Ie sais fort bien que ce que ie v͞s demande n'est pas dans la rigidité de la loy, mais ie sais aussi que la lettre tuë, et que l'esprit vivifie. Ie ne demande aucun changement dans le corps de l'ouurage, car ie sens très bien que l'académie, ayant porté son jugement sur le mémoire tel qu'il lui a été présenté, elle veut que le public le voie dans le même Etat, et cela est trop juste, mais ie ne vous demande que la supression d'une note dans la quelle il s'agit des forces viues, sujet entièrement Etranger à celui du feu, et assurément cette note n'a influé en rien sur le jugement de l'académie. Voilà pourquoi ie me suis adressée à v͞s qui saués come je pense actuellement sur cette matière, et qui aués assés de justice p͞r sentir que ce que ie v͞s demande n'intéresse en rien l'honneur de l'académie, ni des comissaires. Au reste si v͞s voulés me rendre ce service ie v͞s aurai la plus sensible obligation, mais ie v͞s prie de n'en parler ni à l'académie, ni à mr de Reaumur.

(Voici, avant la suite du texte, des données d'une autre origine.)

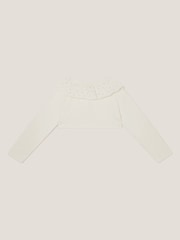 Monsoon Natural Oversized Diamante Collar 100% Cotton Cardigan - Image 2 of 3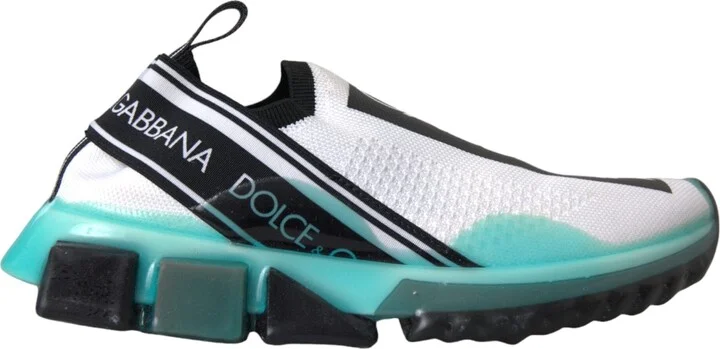 Black White Blue Slip On Sorrento Sneakers Women's Shoes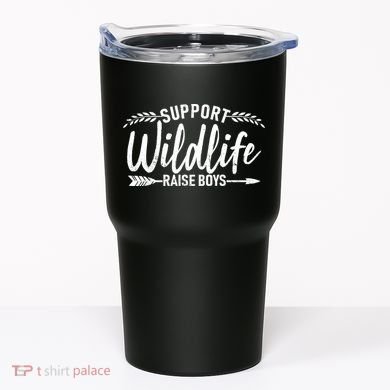 Support Wildlife Raise Boy Parents Tumbler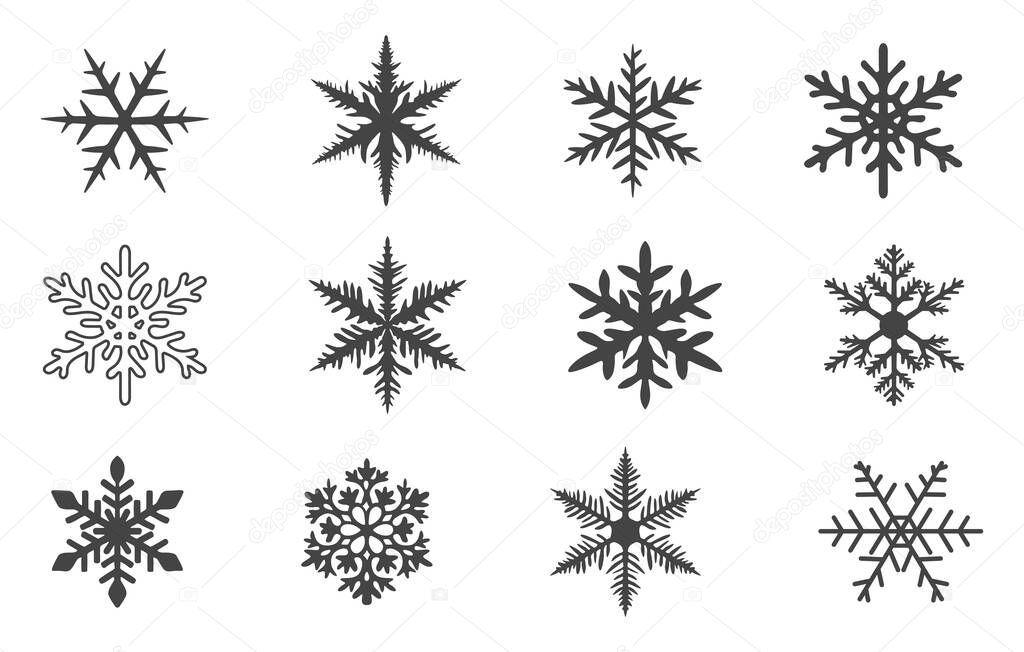 Snowflake svg, Snowflake silhouette, Snowflake clipart, Snowflake vector, Snowflake icon.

Come v͞s n'aués nulle idée de mon mémoire, et que v͞s m'aués promis de me faire le plaisir de le lire, il v͞s est très aisé de le demander. On n'a pas encore comencé à l'imprimer, et v͞s pourés juger par v͞s même du peu d'importance de ce que j'ay l'honneur de v͞s demander, et combien cependant cette bagatelle seroit désagréable p͞r moi, puisqu'il est fort triste de voir dans le seul ouurage qui sera peutêtre jamais imprimé de moy vn sentiment qui est si oposé à mes idées présentes. Si v͞s voulés donc monsieur me faire le plaisir d'effacer cette note (car cela n'est point dans le corps de l'ouurage) vous me rendrés vn service que ie n'oublieray jamais; et vous la trouuerés dans la première partie. Ie serois charmée que v͞s voulussiés me dire votre sentiment sur cet ouurage, mais i'ymagine que v͞s n'aués guère de tems puis que vos lettres sont deuenues si rares depuis que v͞s estes à Paris. I'en suis sensiblement affligée, car v͞s saués bien le plaisir extrême qu'elles me font, mais ce qui me fâche le plus c'est que v͞s ne parlés plus de venir icy. Cependant si v͞s me tenés parole cet heureux tems doit aprocher. L'impatience que i'en ay Egale l'amitié extrême que v͞s m'aués inspirée et le cas que ie fais de l'auantage de pouuoir v͞s consulter moimême et m'instruire dans votre comerce. Mr de V. qui partage auec moi tous ces sentimens me prie de v͞s en assurer.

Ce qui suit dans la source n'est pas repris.